Return the entries exactly. Images are not part of the copy.
• • • •
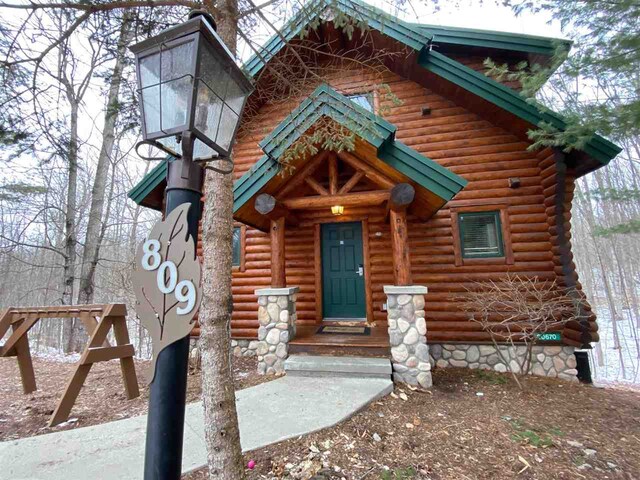 view of log home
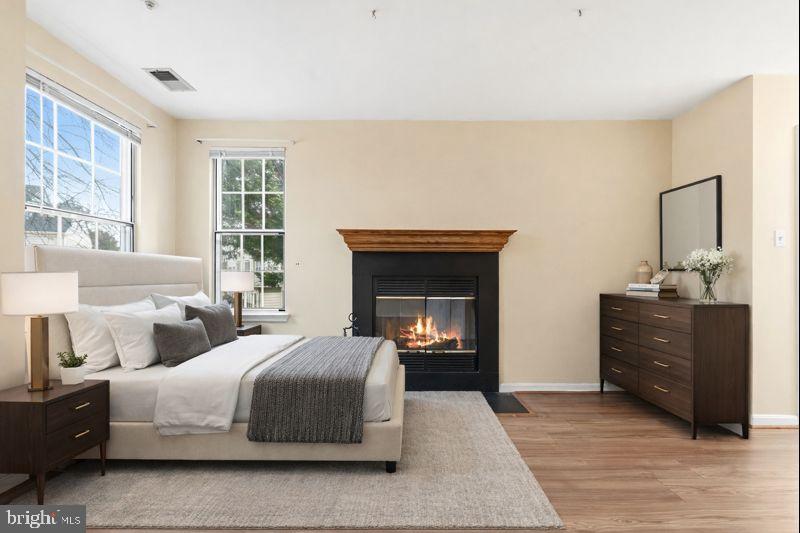 2 Highstream Court, Unit 684 Germantown, MD 20874 - Photo 5 of 25 a spacious bedroom with a bed and a mirror on dresser
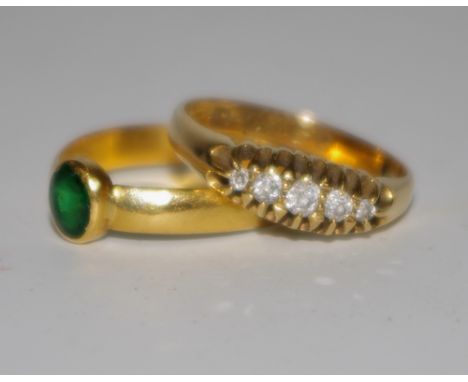 An 18ct gold diamond ring set with five claw set diamonds, approx. diamond weight 20pts, 3.3g; another gold coloured emerald 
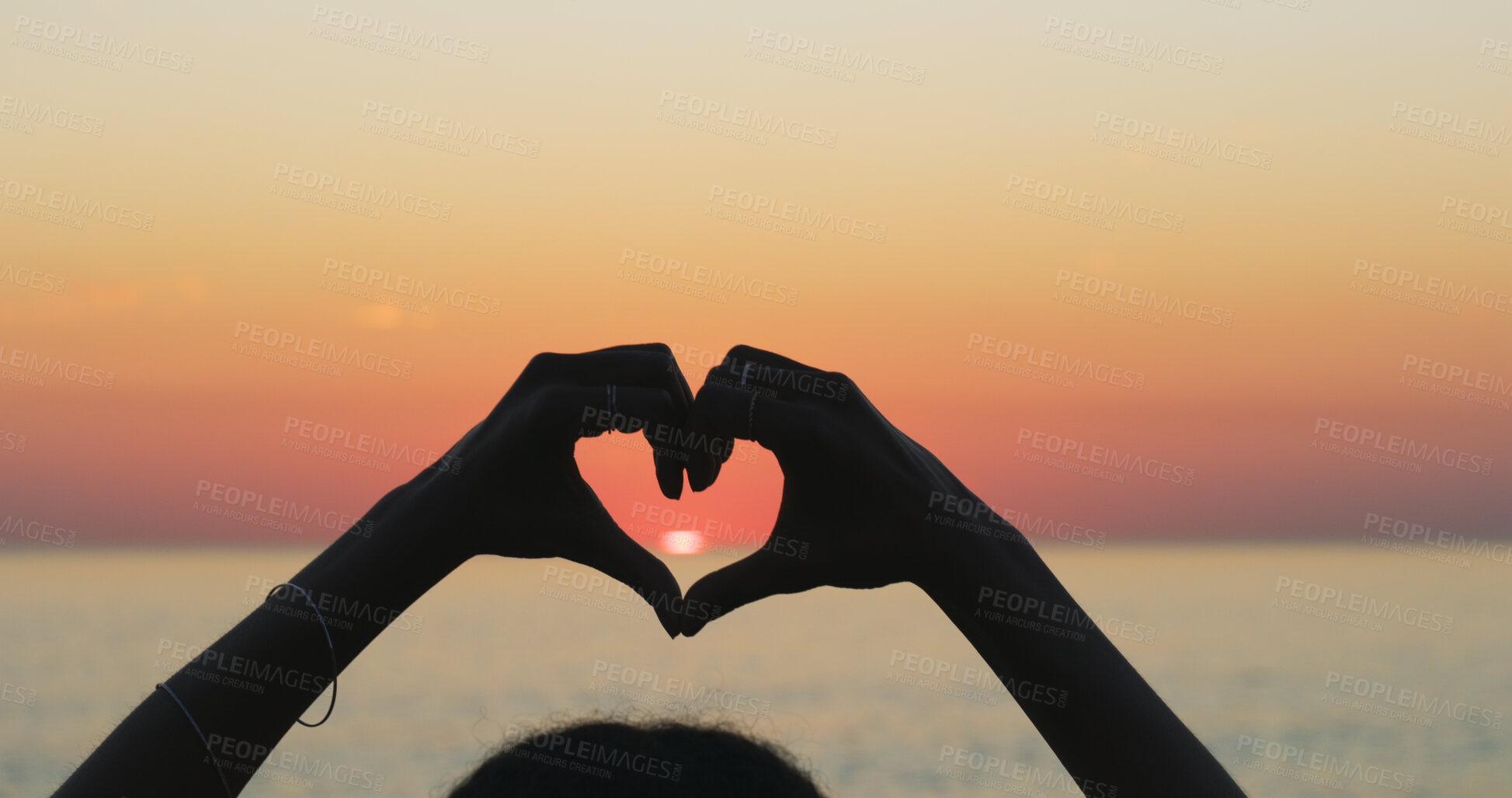 Buy stock photo Person, outdoor ocean and heart hands at sunset, love and emoji for kindness on earth adventure. Horizon, dusk and fingers for gesture on vacation at sea, support ecology and care for tropical island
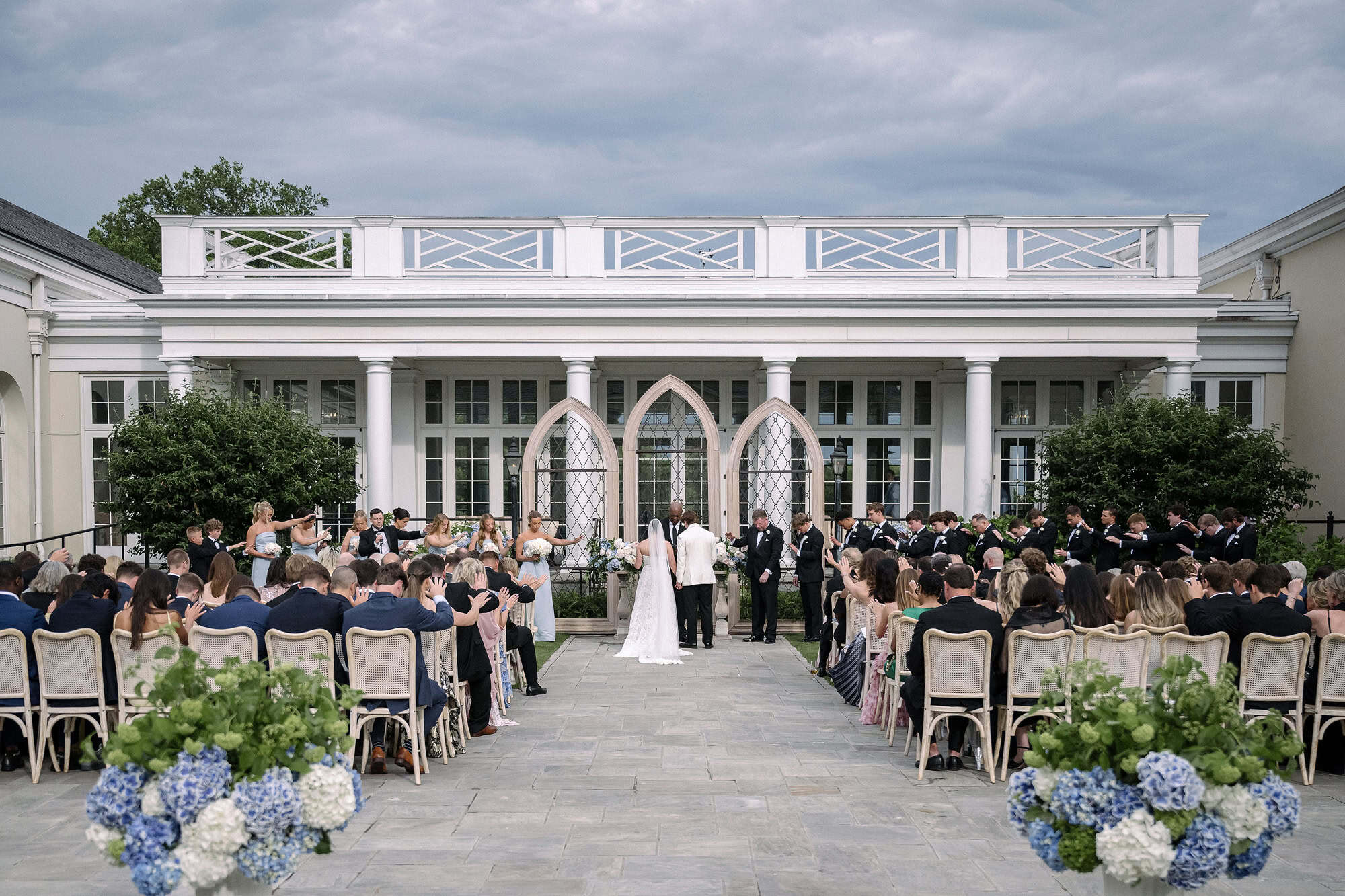 Guests stretch their hands toward the couple in prayer under a grey storm sky at their Piedmont Driving Club wedding, three Gothic arches behind.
• • • •
:: Solution to this problem ::
 view of log home
 2 Highstream Court, Unit 684 Germantown, MD 20874 - Photo 5 of 25 a spacious bedroom with a bed and a mirror on dresser
 An 18ct gold diamond ring set with five claw set diamonds, approx. diamond weight 20pts, 3.3g; another gold coloured emerald 
 Buy stock photo Person, outdoor ocean and heart hands at sunset, love and emoji for kindness on earth adventure. Horizon, dusk and fingers for gesture on vacation at sea, support ecology and care for tropical island
 Guests stretch their hands toward the couple in prayer under a grey storm sky at their Piedmont Driving Club wedding, three Gothic arches behind.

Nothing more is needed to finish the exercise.